Thanks, Dairymomma. I know you're right. I've even been through this with my current princess following her older sister's passing and my first miscarriage. I'm trying to think of the heightened anxiety as a good sign, particularly since the cramping has worn off today. Yay for crazy hormones, right? Two weeks till my first appointment with my fingers crossed for a strong heartbeat. Thanks for your support.


----------



## dairymomma

You are welcome. I know personally how hard it is to go through miscarriage after miscarriage so I understand. This baby was concieved after a 14 week loss in July and a blighted ovum in late Sept/early Oct. I didn't have a period in between my last m/c and this pg and my former dr was predicting miscarriage from my second blood draw. I even got a lecture on how I "should have waited because you were told to wait." once the bleeding started. Sure didn't make my anxiety any less to be getting nasty comments from my dr so I switched to my current OB. He's great. If you have an understanding doctor, it makes a WORLD of difference.

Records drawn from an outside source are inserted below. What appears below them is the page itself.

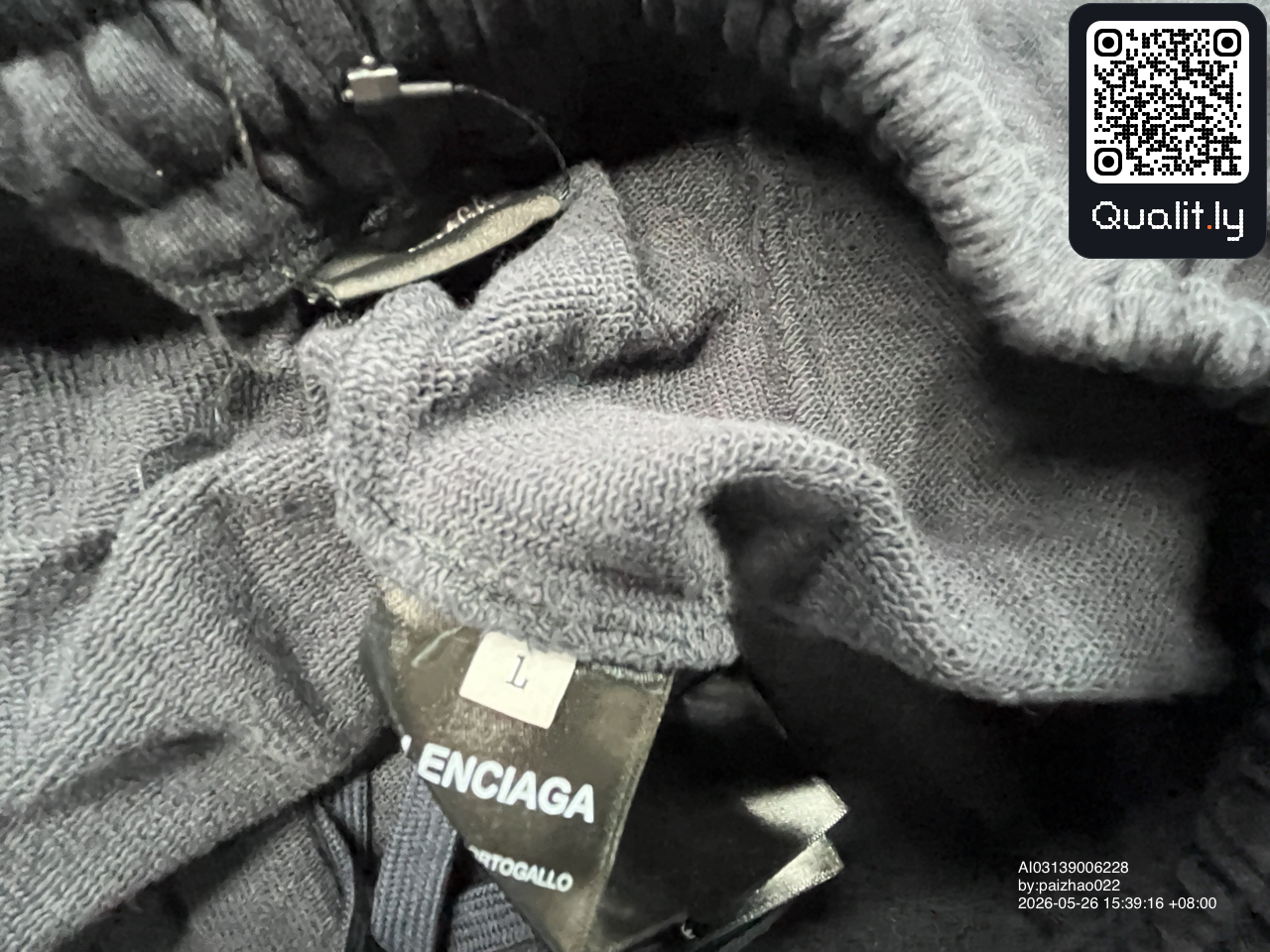 Pantaloni — fotografie QC 1 din 14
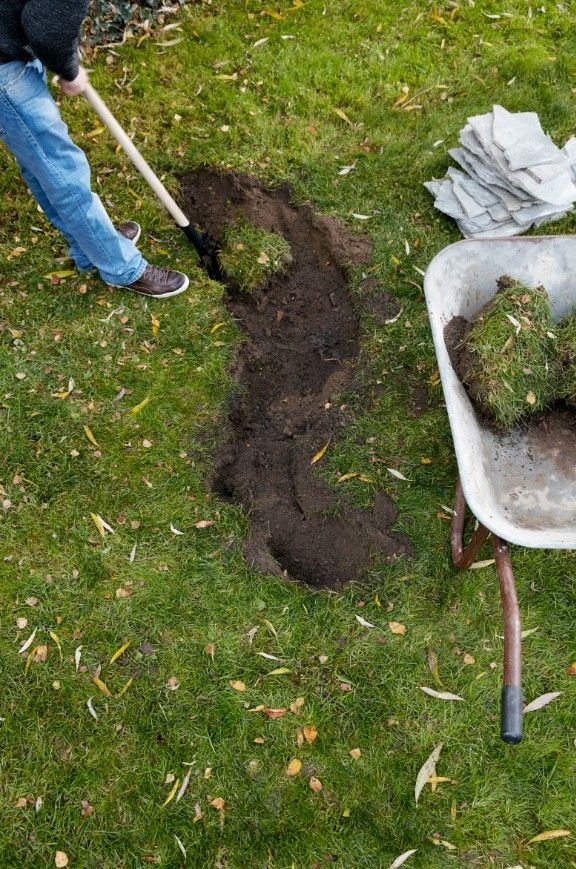 Następnie, wewnątrz zaznaczonego szpadlem konturu prysznica, wykop ziemię na głębokość około 20 cm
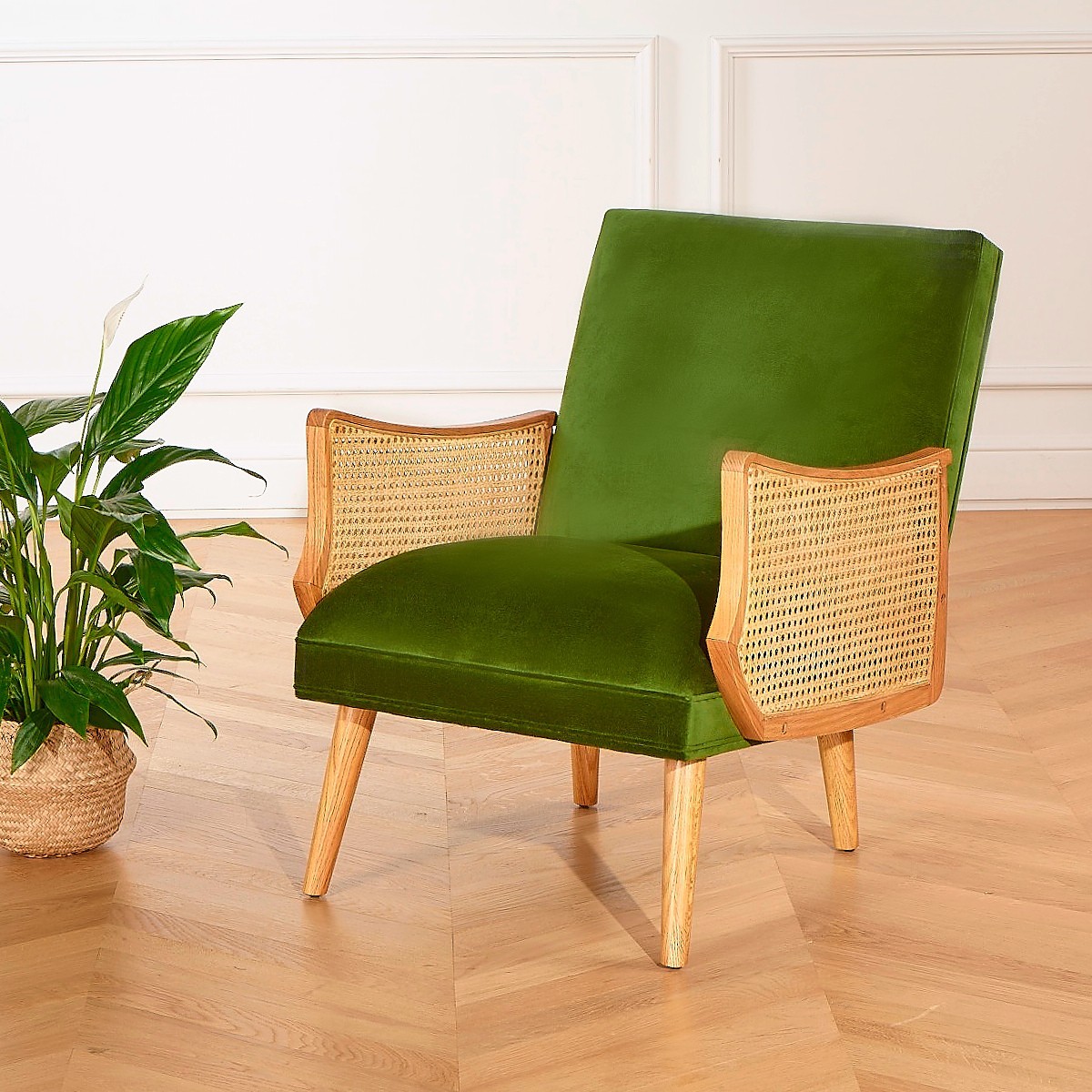 Fauteuil en hévéa, cannage et velours CUBA vert vintage, ROBIN DES BOIS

So try to relax. Those crazy hormones won't let you do it very much but pamper yourself-have a spa day or try a new hairstyle or go for a mani-pedi. Honestly, the only way I could get through those scary early days (and thanks to my 14 week loss, I don't breathe easy until I hit 15 weeks at least) was to pretty much try and forget I was pregnant at all when I could. It didn't work all the much but it did give me a few minutes of peace each day. I also had my dr, my naturopath, and my therapist on speed dial and talked to each of them at least once a week. Hearing someone else say my feelings of fear and anxiety were justified made a world of difference. Hang in there and hopefully the next two weeks fly by.


----------



## anxious mommy

I'm hoping so. I keep telling myself I'll breathe easier after a strong heartbeat, but it's also too easy to recall that silent sonogram a year ago in February. I have a mother's day gift certificate for a massage, but I don't know if I can get one while pregnant/first trimester, so right now it's chamomile tea and lavender aroma therapy until after I get my doctor's feedback. He was great through both of my miscarriages and always very considerate of the anxiety my first loss created, so we'll stick with him this time. I'm glad you have a better OB now. The last one sounds like he was seriously lacking in compassion and bedside manner.


----------



## dairymomma

Yeah, I love my new OB. He's been great. My former doctor was pretty good too and I honestly don't hold it against her how she treated me because I do understand why she was acting like that. This is my 11th pregnancy in 6 years and she's been there for me through 10 of them. She was getting so frustrated because my tests came back normal and I was doing everything right but I was still miscarrying and no one can tell me why. I think she was taking the situation personally because she's the doctor and she wasn't able to help me. It doesn't excuse her behavior totally but I can see why she said what she did. I've gotten over it. It just added to everything for me at the time though and I can't deal with her frustrated attitude while trying to keep myself on an even keel so I'm going to continue seeing this new doctor.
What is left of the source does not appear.